I didn’t want to sit down at the dining room table and review our expenses over the last six months, probably because I want to believe I am frugal. But as my eyes focused in on our expenditures, the truth was too ugly to ignore.

It all looks so innocent –a latte here, fast food there, a shirt for $9.99 at Anthropologie that I could not leave on the rack for someone else –but it adds up. I watched my patient husband’s face as he went through and itemized how much I’d spent at certain stores. I could have vomited. I’d never thought of how this affected him or our family. I just saw it as saving us money in the long run. Spencer says you never save money if you spend. He asked me not to spend any money in September. On the bright side, it is already September 4th, but I know this goes deeper than me keeping my debit card in my wallet for a month. Because what happens after the fast ends. Will I binge?

I marched to my wallet and pulled out every gift card I have –my little rectangular excuses for dropping into Target or Buffalo Exchange –and handed them over. No more excuses and no more cheating. Or lying.

No one is taking care of our money and Spencer has been asking me to be our financial manager for years. I don’t even pay the bills. In fact, I don’t even look at the bills. Or my bank account. I am so confident in my frugality, that I assume the money is there. But we have a son now, and I’d like to add another kid or two to the mix, so it has to stop.

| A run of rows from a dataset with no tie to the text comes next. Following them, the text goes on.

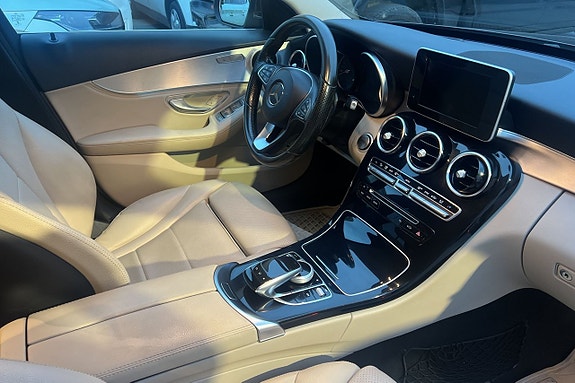 Mercedes-Benz C300 9 of 26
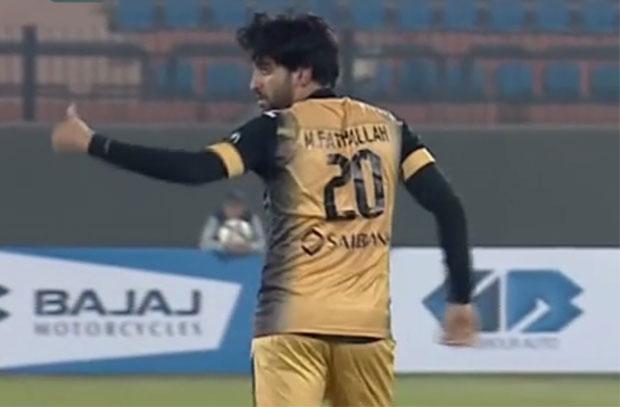 بالفيديو.. فتح الله يحرج مدرب الزمالك الجديد بالهدف الثالث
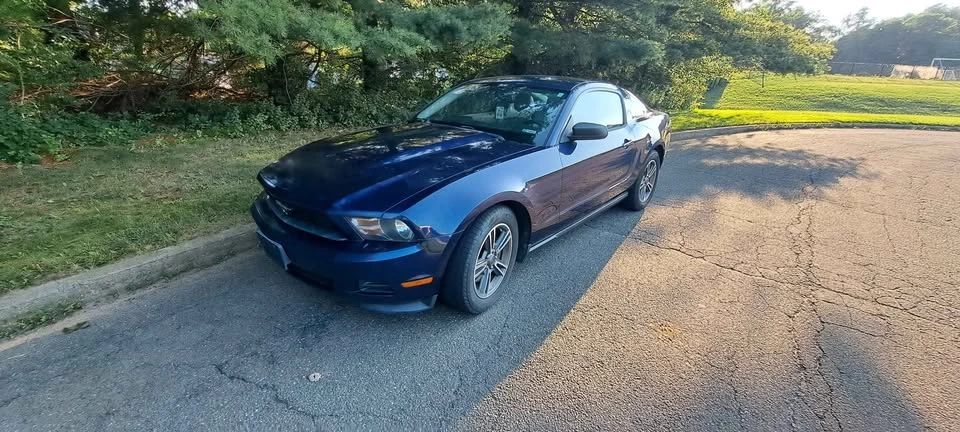 2011 Ford S197 Mustang - Image 10 of 20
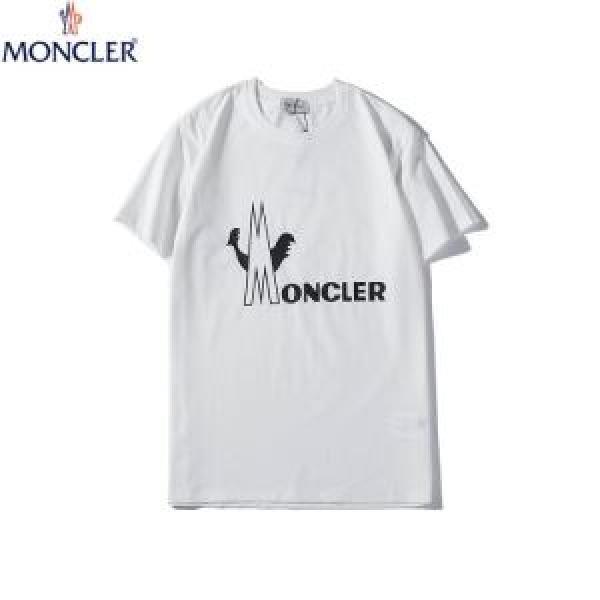 ホリデー限定MONCLER グラフィックプリントTシャツ モンクレール コピー 新作オシャレコーデ着こなし2026春夏コレクション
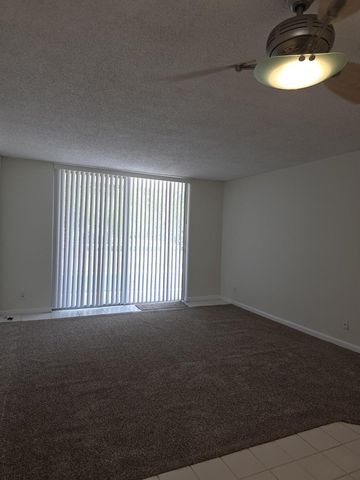 470 Executive Center Drive 2k, West Palm Beach, FL 33401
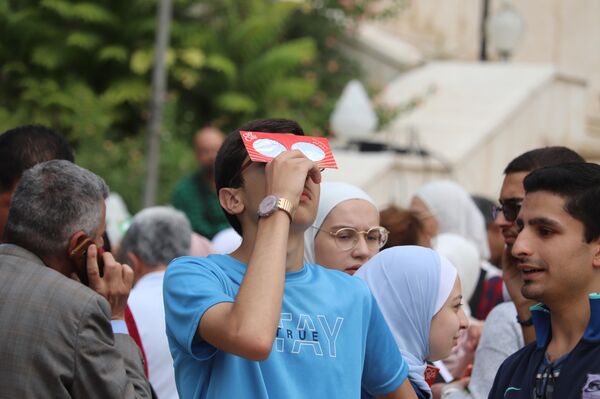 هواة الفلك السوريين يرصدون كسوف الشمس في دمشق هواة الفلك السوريين يرصدون كسوف الشمس في دمشق - سبوتنيك عربي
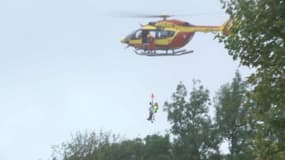 Inondations dans l'Aude: des habitants piégés à Villegailhenc sauvés par hélicoptère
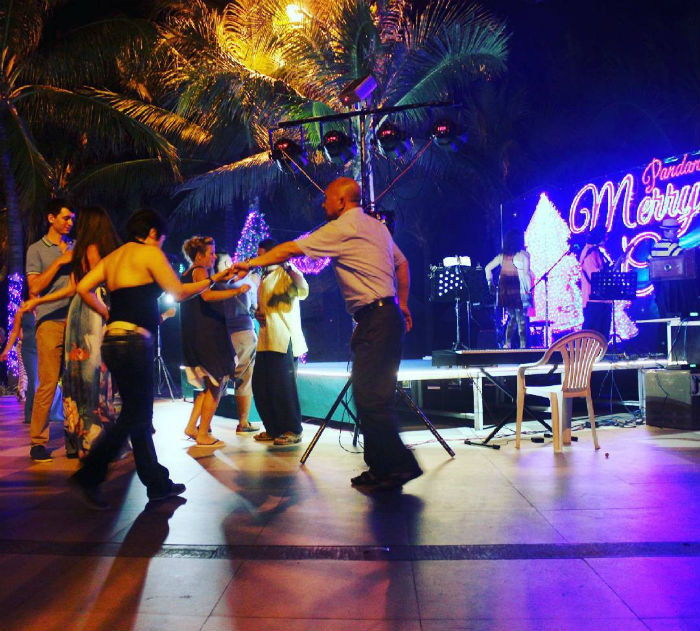 Thưởng thức âm nhạc đêm tại Pandanus Phan Thiet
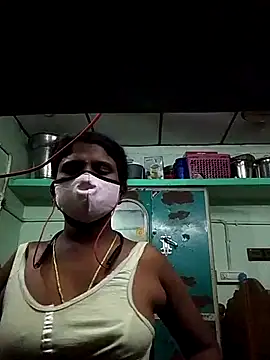 Snapshot of Couple1114 chatting on November 13, 4:28 pm Couple1114 online show from November 13, 4:28 pm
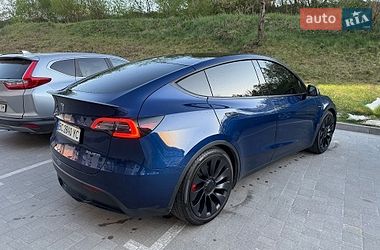 Внедорожник / Кроссовер Tesla Model Y 2021 в Львове
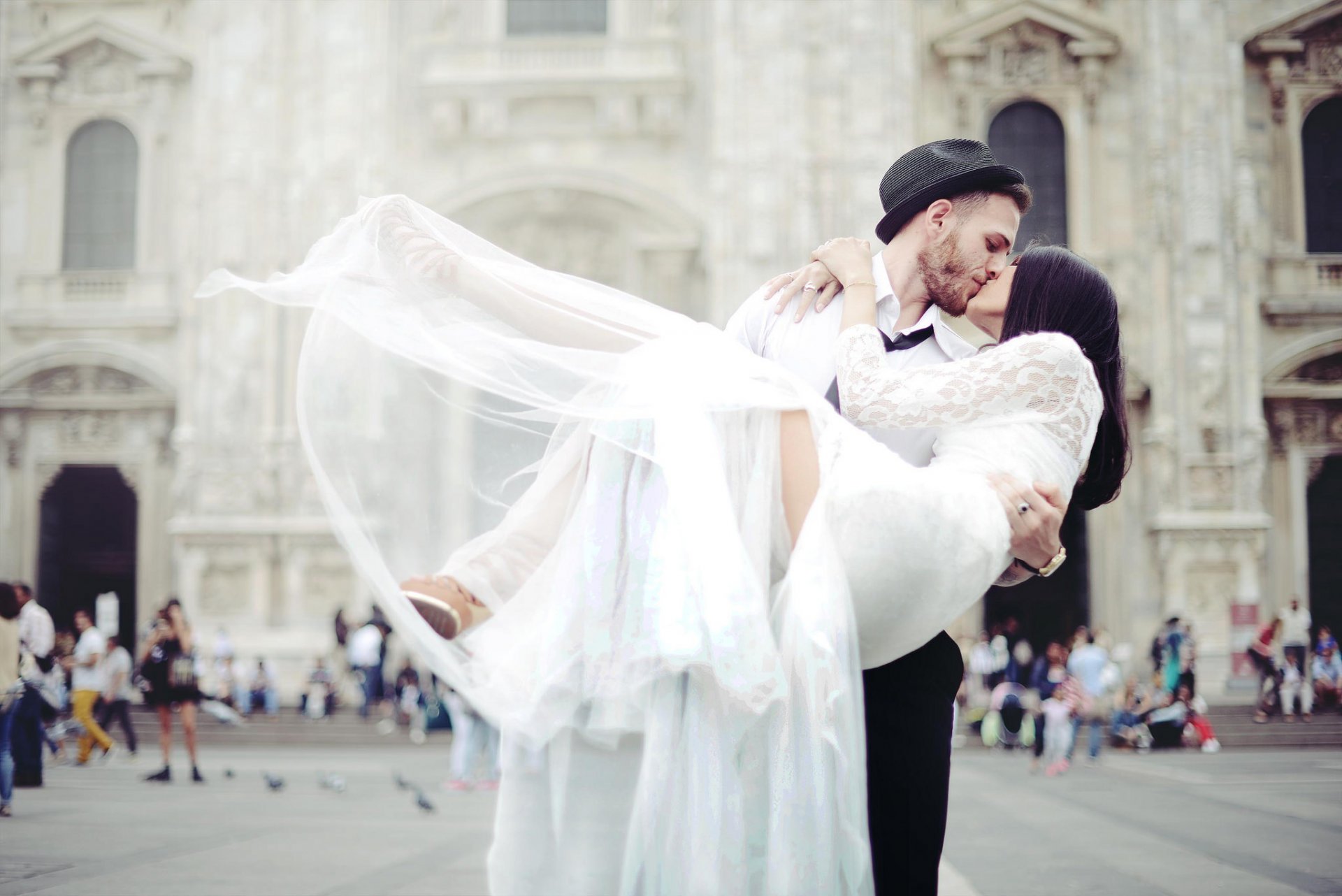 mariage amoureux marié mariée robe chapeau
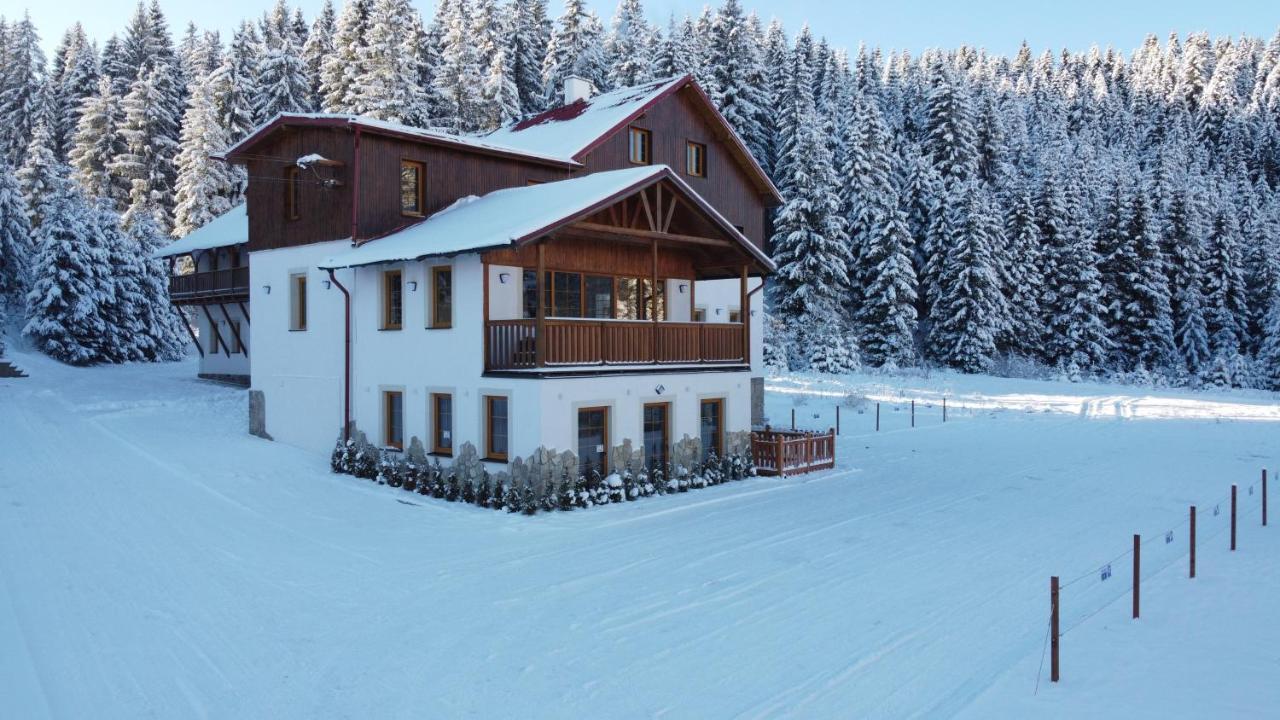 Apartman Ela Horni Blatna Luaran gambar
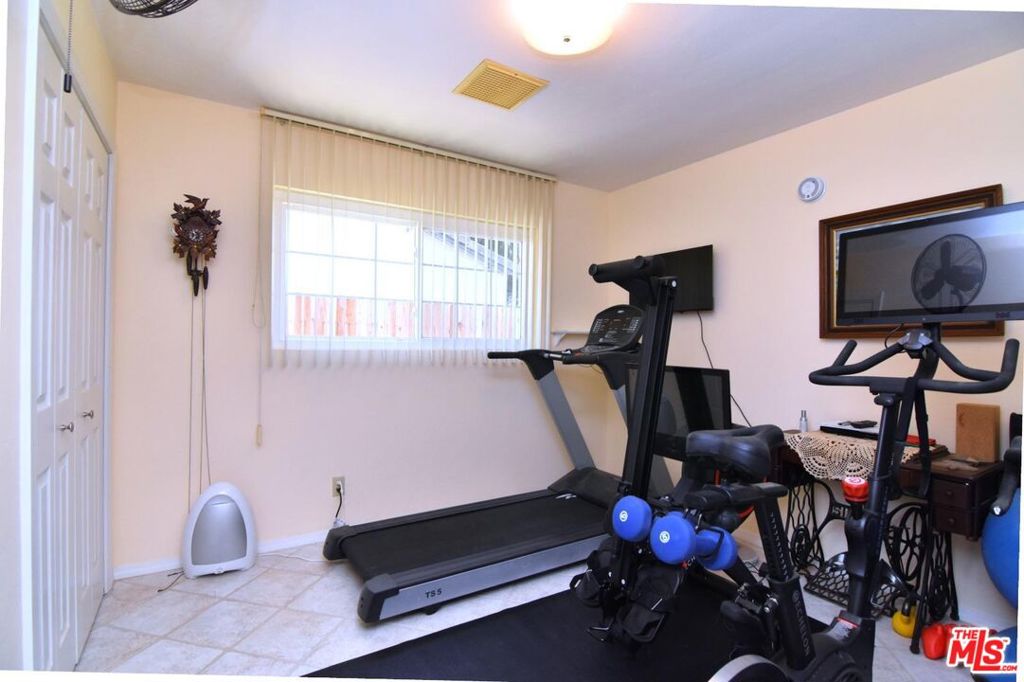3774 Dalehurst Drive Property Photo 11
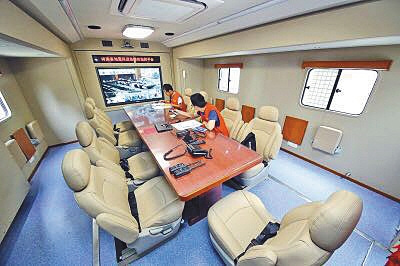 据介绍，地震车内部可容纳十余人开会。河南省地震局供图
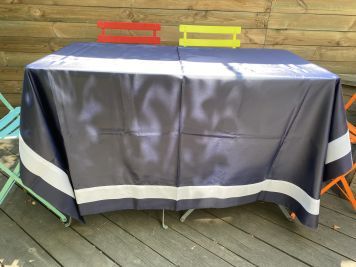 Стильна скатертина з білим кантом, синя 170х150 см.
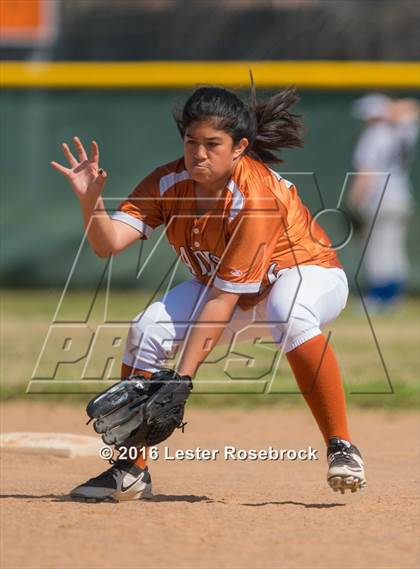 Thumbnail 1 in JV: MacArthur vs Madison JV photogallery.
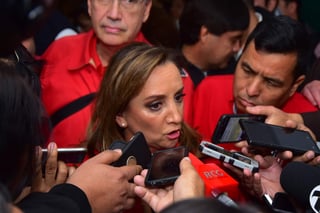 Claudia Ruiz Massieu estuvo en Torreón este sábado en la toma de protesta de Eduardo Olmos como dirigente del PRI municipal. (ERNESTO RAMÍREZ) 
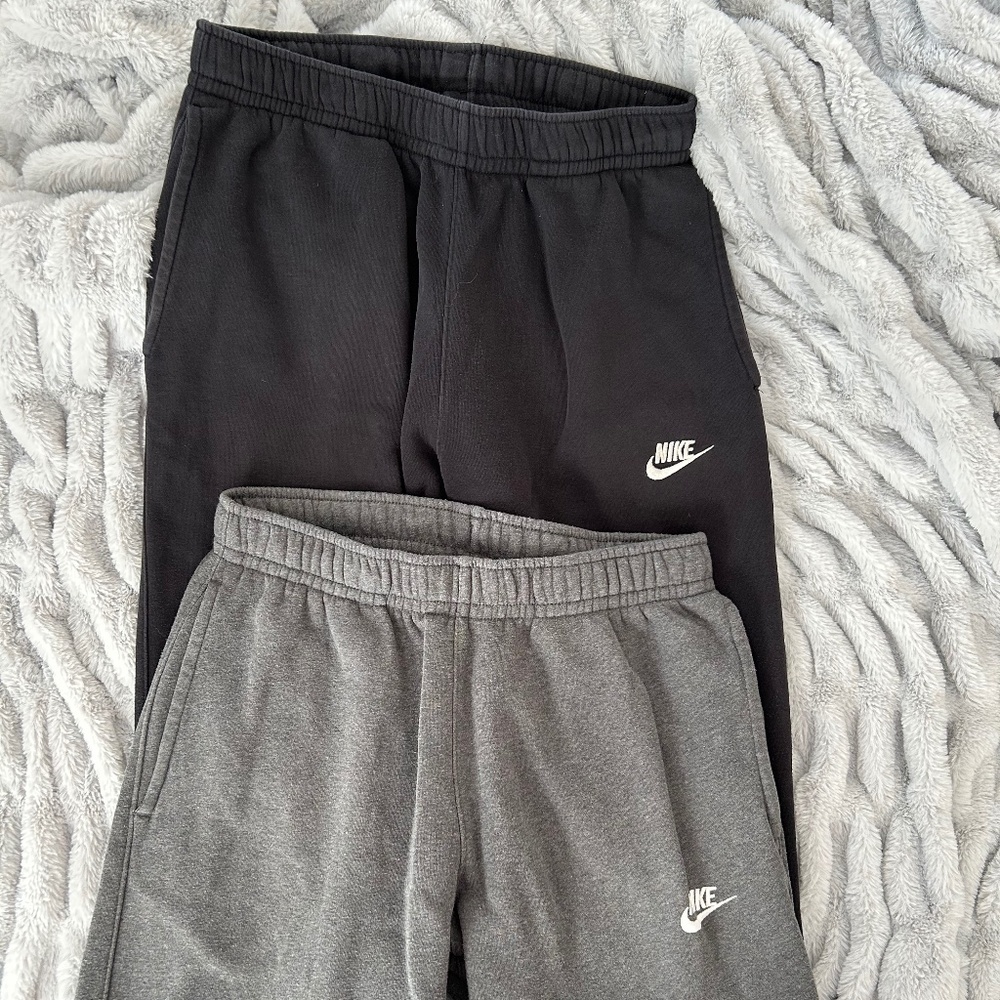 2 pairs Nike joggers - Men's M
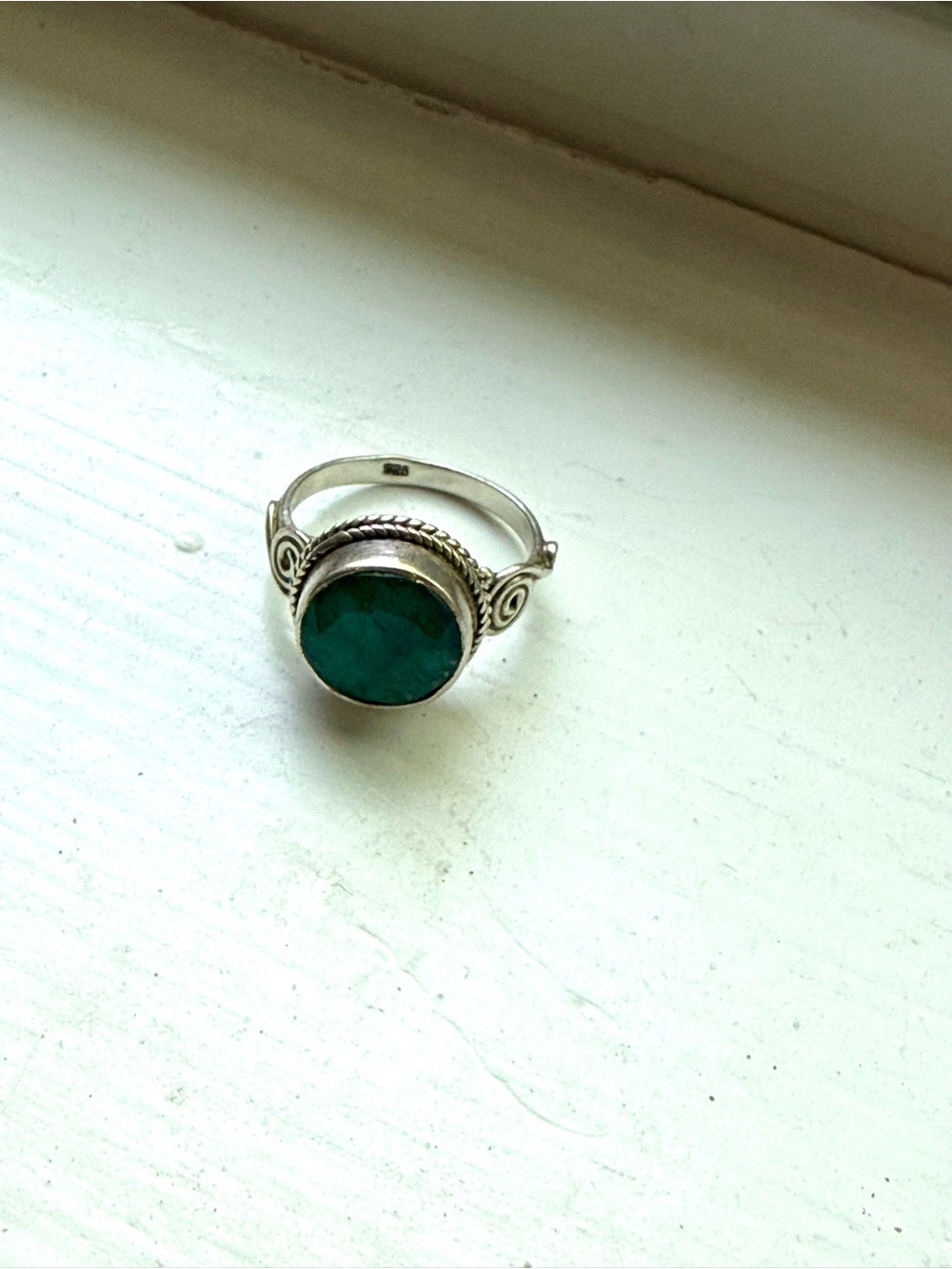 Sterling ring with green stone. - Picture 6 of 10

What happens when I don’t shop, purchase or even browse?

Is there life after shopping? Ugh, even the sound of it scares me because so much of who I am is wrapped up in the steal, the 75% off on a Thursday before the weekend rush tramples through. Who am I with no logo? I guess we will find out.

Unplugging the Lie

I’m over it. I’m just done! I’m tired of spending money and spinning my wheels on things that do not satisfy. Oh, don’t get me wrong, the world tells me they satisfy and too often I believe the lie. But I have a child now, and the stakes are too high. There are eternal consequences for the actions I take today. Sure, what’s a quick run through TJ Maxx to check out the sale rack? But what is my child seeing? And the thrill on my face when I find something designer that I could normally not afford –does that excitement match my love for Christ? And is it a lie to advertise brands that are far outside of my budget? If my treasure is where my heart is, I’ve got some shallow treasures. These are the things that taunt me when I return to God’s Word in the quiet of morning.

Job 29:14 “I put on righteousness as my clothing; justice was my robe and my turban.”

Galatians 5:16 “So I say, live by the Spirit, and you will not gratify the desires of the sinful nature.”

What my children see will affect who they become. And so, I unplug. I unplug from the mall. I unplug from shopping for sport. I unplug from looking around and rationalizing behavior because other Christian families are doing it. No more. No more Proverbs 31 manipulation to affirm my bargain hunting. From now on my standard is God’s Word. My fashion sense, my homemaking and my interests will be dictated by His desires for my heart and life. Goodbye, Neiman Marcus Last Call and Pinterest (you’ve been tempting me to set up an account, but I’m shutting it down right here), I have a new instruction manual and Guide. Thank you, God, that in this ever-fickle world, your Word doesn’t change.